Given the intricacies of our subdomain setup, these default protections are not effective as intended. Each subdomain is hosting an independent service owned and operated by different users of Choreo. To improve our security measures and safe user experience, we propose adding *.choreoapps.dev to the public suffix list. By doing so, we aim to fully utilize the inherent security capabilities of modern browsers, thereby enhancing the safety and reliability of web applications deployed through Choreo.

We commit to maintaining a term of more than 2 years to remain listed in the PSL.

There have been no past Issues or PRs related to this submission or section.
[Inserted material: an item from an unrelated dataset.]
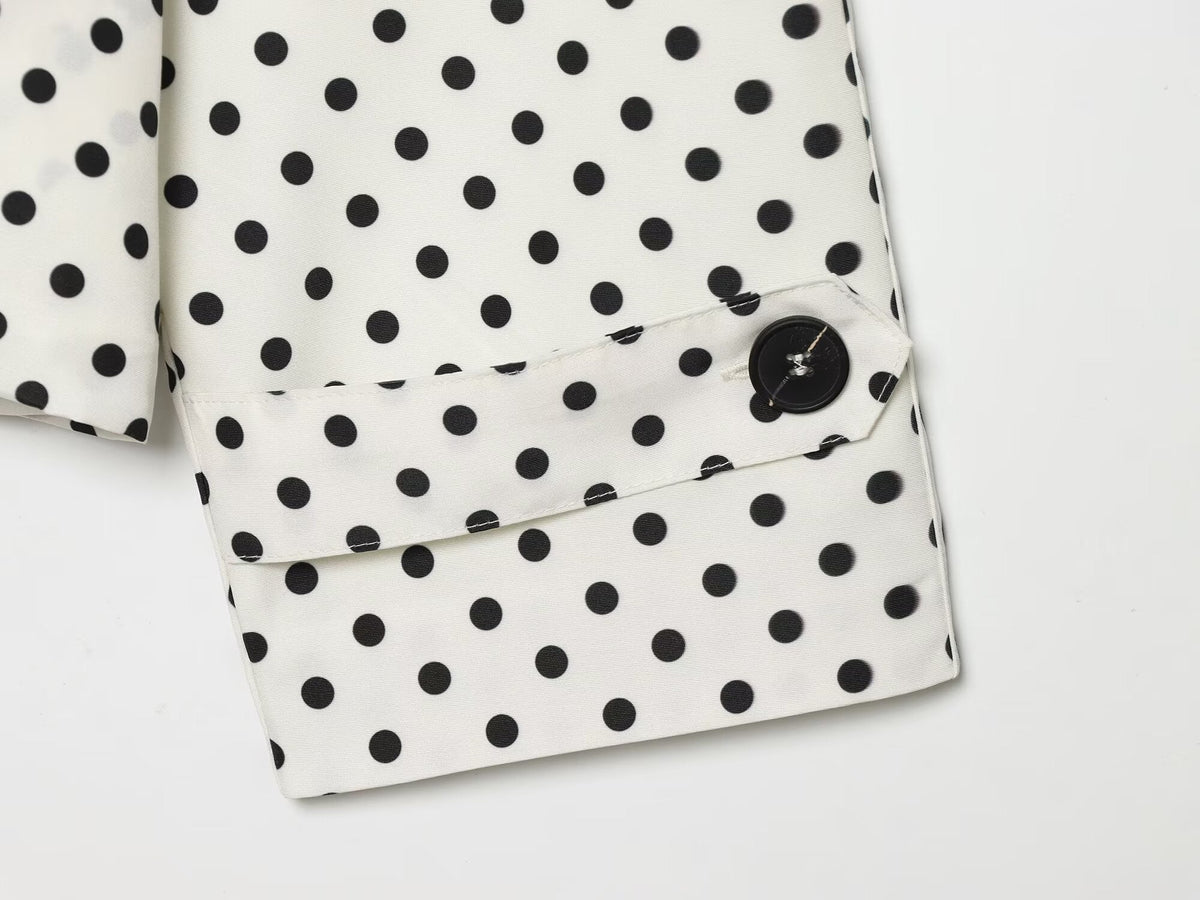 Women's With Belt stand collar polka dot trench coat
Number of users this request is being made to serve:

Choreo has about 23,000 organizations registered on the platform, and close to 51,300 individual users registered under the 23,000 organizations. Number of end users this request would serve is much larger number, and depends on the number of consumers for each application/service hosted on Choreo platform.

DNS Verification

% dig +short TXT _psl.choreoapps.dev
"https://github.com/publicsuffix/list/pull/2680"

[simon-friedberger]

Can you please put redirects in place such that the public suffixes redirect to your company website for people to find the abuse information more easily?

[groundcat]

• Expiration (Must STAY >2y)
  • BLOCKER: choreoapps.dev expires 2026-04-16 (~1.3 years from today) Fails minimum 2-year requirement - domain must be renewed
• Organization description
  • Choreo (by WSO2) is established platform for cloud-native apps
  • Submitter is Associate Director/Architect at WSO2
  • Serves 23,000 organizations and 51,300+ users
• Reasoning/PSL Inclusion
  • Clear explanation of multi-tenant subdomain isolation needs
  • Valid security use case (SameSite cookies, cross-origin isolation)
• Email address
  • Uses role-based email: choreo-security+publicsuffixlist@wso2.com
• Abuse contact
  • Abuse reporting available at wso2.com/security
  • Per simon-friedberger: choreoapps.dev should redirect to company site for easier abuse contact discovery

[ayomawdb]

Thanks @groundcat for the update, and apologies about missing this one. I'll get the two remaining requirements sorted within next week. Thanks @simon-friedberger for your feedback!

[Hardanish-Singh]

LGTM!

[simon-friedberger]

LGTM!

Please don't positively review your own PRs. Especially when you haven't even fixed the issues we pointed out.